Along with the other playable characters, the game also teases when it comes to the total number of bosses. At the beginning of the game, your rank is 51, indicating there are 50 more bosses waiting to be slaughtered. However, the actual number of boss encounters is much less. While there are significantly more bosses that in the previous title, it is still well below the 50 assassins the game leads you to believe you are fighting. It’s another disappointment for those expecting a bigger game than before. You have to ask yourself why would they even mention something like this only to fall back on promises and offer much less content. A part of me suspects this is another form of gaming industry satire that Suda 51 is known for cleverly inserting into his titles. However, a more cynical part of me suspects that this was just another way to cut corners in game development. While the original premise may have included 50 assassins to kill, the amount of time and effort required to make each of them special and unique would be insane.

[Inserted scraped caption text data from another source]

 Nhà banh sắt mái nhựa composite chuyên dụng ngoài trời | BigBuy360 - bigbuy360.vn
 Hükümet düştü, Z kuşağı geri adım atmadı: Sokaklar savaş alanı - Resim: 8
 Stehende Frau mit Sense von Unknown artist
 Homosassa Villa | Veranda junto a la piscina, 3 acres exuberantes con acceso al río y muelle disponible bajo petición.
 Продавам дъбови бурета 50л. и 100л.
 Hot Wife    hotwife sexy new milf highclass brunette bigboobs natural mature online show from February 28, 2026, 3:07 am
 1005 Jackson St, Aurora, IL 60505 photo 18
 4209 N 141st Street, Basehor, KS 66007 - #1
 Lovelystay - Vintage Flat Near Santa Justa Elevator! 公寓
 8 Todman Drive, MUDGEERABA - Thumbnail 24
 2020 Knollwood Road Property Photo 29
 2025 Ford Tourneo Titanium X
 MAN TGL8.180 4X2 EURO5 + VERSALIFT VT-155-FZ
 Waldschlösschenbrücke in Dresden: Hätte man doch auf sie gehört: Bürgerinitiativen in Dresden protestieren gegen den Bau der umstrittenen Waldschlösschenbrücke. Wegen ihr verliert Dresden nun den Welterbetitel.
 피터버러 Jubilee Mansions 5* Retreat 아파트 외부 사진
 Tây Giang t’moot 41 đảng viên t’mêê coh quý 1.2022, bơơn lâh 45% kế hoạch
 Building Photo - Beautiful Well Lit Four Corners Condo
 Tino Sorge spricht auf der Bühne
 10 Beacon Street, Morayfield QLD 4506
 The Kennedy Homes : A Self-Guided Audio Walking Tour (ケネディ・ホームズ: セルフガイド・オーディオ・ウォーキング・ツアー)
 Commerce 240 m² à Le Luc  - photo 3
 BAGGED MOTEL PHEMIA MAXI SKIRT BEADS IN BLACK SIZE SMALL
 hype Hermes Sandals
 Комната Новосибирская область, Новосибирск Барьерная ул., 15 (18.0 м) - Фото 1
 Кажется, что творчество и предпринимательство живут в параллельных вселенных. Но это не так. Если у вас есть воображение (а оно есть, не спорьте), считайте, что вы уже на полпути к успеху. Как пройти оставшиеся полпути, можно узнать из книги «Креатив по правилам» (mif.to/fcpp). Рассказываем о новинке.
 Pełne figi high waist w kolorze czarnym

NMH2 is a sequel that realizes the worth of its own series and continues to play with what made it great. With its devil-may-care swagger and tongue-in-cheek look at gameplay conventions and expectations, NMH2 is a blood-soaked satire with a hack-and-slash set of clothing. There are areas that falter, but what is here is something unlike any other game in its genre -- or any genre. It’s refreshing to see a game and a developer with the freedom to express himself without worries of a demographic or publisher’s agenda to satisfy.
With the Wii seemingly in its twilight years and the Wii U on the horizon, it's worth it to take the time to go back and try this game out. While not perfect, there is so much that it does right and so many interesting approaches to old gaming tropes that it is more than worth your time and money if only to see a game that exists outside so many rules, conventions, and standards that have sadly become industry staples.